The second attempt was more laborious, but also more conclusive: To test for the presence of inversions, our team produced a long-read based genome assembly for a stationary Atlantic cod that could then be compared to the already existing assembly for a migratory Atlantic cod. And to rule out introgression, I expanded the dataset by including previously published genome sequences of outgroup species. The comparison of the two genome assemblies clearly supported the presence of inversions, while the larger dataset revealed that introgression from other species had nothing to do with the origin of supergenes in Atlantic cod. Thus, those ESEB Congress participants that had voted "Clearly inversions" were right, and I could simply have trusted their collective expertise instead of running more analyses.

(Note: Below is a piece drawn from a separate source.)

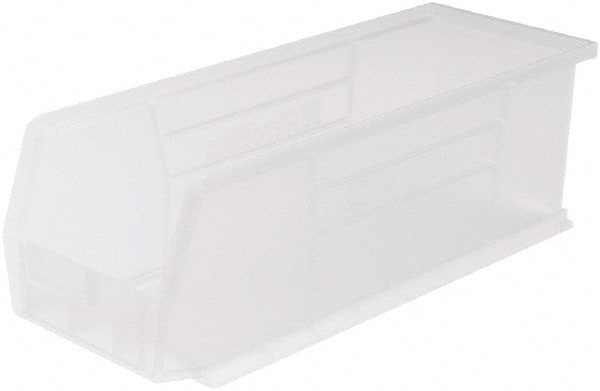 Akro-Mils - 50 Lb. Load Capacity, 14-3/4" Deep, Clear Polymer Hopper Stacking Bin - 5" High x 5-1/2" Wide x 14-3/4" Long - Exact Tooling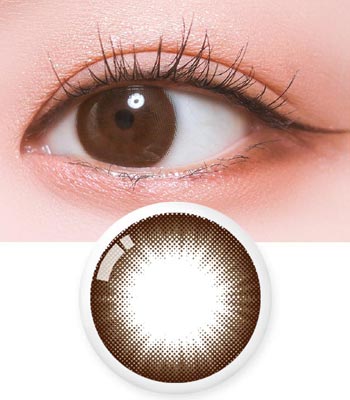 【マンスリー】ミラ チョコブラウンのブルーライトカットカラコン｜着色直径13.0mm・含水率42％｜～-8.00｜PREMIUM アンチブルー（Anti Blue）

However, as we report in our paper in Nature Ecology and Evolution, the larger dataset also had other benefits, as it now also allowed me to date the origin of the supergenes based on age estimates for outgroup divergences. And it turned out that the supergenes were surprisingly old, with ages up to almost 2 million years. Such old supergenes are not predicted by theory, as, on the one hand, the suppression of recombination in supergene regions is expected to lead to an accumulation of deleterious mutations, and on the other hand, processes like gene conversions and double crossover are expected to erode the differentiation between supergene haplotypes over time. But while we found evidence for both gene conversion and double crossover, we found no signs of any erosion of the differentation, and also no evidence for any accumulation of deleterious mutations. This suggests that the level of gene conversion and double crossover may be just at the sweet spot in Atlantic cod: high enough to prevent the accumation of deleterious mutations, but low enough to allow the persistence of differentiation.